🤖 AI Summary
To address the safety risk of catastrophic failure during high-altitude flight of multi-rotor UAVs under single-actuator failure, this paper proposes a rapid fault-tolerant recovery method integrating attitude regulation and thrust vectoring control. We innovatively develop a high-fidelity–reduced-order dual-dynamics model that jointly balances control accuracy and computational efficiency, unified within a nonlinear model predictive control (NMPC) framework. Unlike conventional approaches relying solely on attitude adjustment, our method enables concurrent optimization of angular velocity, attitude, and thrust direction—achieving instantaneous attitude reorientation and stable hover reconstruction at the moment of actuator failure.

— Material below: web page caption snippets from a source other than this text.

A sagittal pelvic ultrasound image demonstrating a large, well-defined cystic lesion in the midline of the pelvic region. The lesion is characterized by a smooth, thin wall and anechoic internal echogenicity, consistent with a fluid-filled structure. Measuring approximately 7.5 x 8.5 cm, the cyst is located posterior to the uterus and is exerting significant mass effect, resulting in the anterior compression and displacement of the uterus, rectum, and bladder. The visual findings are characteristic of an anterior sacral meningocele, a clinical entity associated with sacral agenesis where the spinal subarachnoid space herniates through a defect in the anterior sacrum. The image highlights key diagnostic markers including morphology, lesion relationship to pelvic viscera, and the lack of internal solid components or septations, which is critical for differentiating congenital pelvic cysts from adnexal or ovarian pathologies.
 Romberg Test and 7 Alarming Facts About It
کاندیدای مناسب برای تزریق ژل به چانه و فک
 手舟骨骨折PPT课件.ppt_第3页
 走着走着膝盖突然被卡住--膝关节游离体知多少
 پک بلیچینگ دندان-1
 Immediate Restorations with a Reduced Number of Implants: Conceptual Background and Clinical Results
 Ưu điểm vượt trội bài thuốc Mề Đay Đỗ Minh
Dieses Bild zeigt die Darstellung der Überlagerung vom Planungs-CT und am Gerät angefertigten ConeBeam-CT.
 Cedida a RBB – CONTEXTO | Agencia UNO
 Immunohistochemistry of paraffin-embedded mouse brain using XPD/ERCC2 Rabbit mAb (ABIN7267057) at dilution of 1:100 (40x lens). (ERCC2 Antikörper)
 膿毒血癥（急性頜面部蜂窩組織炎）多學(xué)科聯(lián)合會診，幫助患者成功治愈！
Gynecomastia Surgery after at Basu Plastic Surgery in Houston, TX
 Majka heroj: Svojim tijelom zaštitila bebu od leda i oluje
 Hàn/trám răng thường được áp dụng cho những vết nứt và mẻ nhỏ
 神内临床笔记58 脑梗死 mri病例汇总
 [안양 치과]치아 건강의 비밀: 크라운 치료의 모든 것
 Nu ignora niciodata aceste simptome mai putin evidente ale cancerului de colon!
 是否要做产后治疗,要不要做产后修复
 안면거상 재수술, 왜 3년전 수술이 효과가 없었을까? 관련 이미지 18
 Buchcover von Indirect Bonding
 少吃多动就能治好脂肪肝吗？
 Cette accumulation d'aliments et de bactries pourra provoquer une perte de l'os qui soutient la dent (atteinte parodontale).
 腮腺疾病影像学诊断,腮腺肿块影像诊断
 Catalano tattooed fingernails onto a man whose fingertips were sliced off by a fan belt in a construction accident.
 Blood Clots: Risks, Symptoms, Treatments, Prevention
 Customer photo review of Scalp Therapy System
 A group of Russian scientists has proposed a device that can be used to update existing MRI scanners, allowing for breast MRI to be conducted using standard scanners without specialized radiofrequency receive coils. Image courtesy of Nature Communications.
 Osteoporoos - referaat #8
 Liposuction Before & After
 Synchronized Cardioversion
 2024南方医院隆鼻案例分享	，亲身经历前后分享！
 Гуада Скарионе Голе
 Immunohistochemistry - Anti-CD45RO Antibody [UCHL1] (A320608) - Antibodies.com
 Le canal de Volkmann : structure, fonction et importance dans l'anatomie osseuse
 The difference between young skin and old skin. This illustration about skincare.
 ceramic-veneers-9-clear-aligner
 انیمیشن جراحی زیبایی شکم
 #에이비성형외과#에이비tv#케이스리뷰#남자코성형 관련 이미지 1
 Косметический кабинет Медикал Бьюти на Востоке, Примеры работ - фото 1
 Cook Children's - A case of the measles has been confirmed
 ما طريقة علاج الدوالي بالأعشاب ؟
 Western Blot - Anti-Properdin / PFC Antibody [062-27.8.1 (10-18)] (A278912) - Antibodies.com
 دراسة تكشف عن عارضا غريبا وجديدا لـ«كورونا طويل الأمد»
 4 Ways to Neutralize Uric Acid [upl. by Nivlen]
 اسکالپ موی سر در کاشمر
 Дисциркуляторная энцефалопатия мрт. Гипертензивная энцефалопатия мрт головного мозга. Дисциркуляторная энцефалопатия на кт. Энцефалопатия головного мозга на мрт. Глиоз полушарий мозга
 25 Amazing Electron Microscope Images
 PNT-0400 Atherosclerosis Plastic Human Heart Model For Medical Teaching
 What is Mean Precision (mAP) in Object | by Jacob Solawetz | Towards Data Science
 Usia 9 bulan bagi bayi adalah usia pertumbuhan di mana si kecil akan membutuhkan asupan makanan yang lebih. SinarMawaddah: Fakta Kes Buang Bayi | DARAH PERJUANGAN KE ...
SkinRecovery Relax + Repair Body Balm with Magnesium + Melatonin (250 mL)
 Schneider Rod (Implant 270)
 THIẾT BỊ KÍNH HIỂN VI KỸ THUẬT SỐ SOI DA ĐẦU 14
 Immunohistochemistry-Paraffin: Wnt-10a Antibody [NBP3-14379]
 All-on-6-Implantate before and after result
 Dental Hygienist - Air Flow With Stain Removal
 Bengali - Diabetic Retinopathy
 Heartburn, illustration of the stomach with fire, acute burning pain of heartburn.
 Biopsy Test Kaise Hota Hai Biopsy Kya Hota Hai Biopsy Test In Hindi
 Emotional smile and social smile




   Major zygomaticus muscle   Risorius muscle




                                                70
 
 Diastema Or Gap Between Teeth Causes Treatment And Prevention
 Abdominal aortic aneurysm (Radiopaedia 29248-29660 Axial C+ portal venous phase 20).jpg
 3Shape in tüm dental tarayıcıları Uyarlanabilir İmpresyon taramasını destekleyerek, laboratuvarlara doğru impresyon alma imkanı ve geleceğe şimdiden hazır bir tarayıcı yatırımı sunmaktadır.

Validation on the Simscape-based high-fidelity M4 robot simulation platform demonstrates millisecond-level response to single-actuator failure, real-time recovery of stable hover, and significantly enhanced fault tolerance and safety in high-altitude operational scenarios.
📝 Abstract
Multi-rotors face significant risks, as actuator failures at high altitudes can easily result in a crash and the robot's destruction. Therefore, rapid fault recovery in the event of an actuator failure is necessary for the fault-tolerant and safe operation of unmanned aerial robots. In this work, we present a fault recovery approach based on the unification of posture manipulation and thrust vectoring. The key contributions of this work are: 1) Derivation of two flight dynamics models (high-fidelity and reduced-order) that capture posture control and thrust vectoring. 2) Design of a controller based on Nonlinear Model Predictive Control (NMPC) and demonstration of fault recovery in simulation using a high-fidelity model of the Multi-Modal Mobility Morphobot (M4) in Simscape.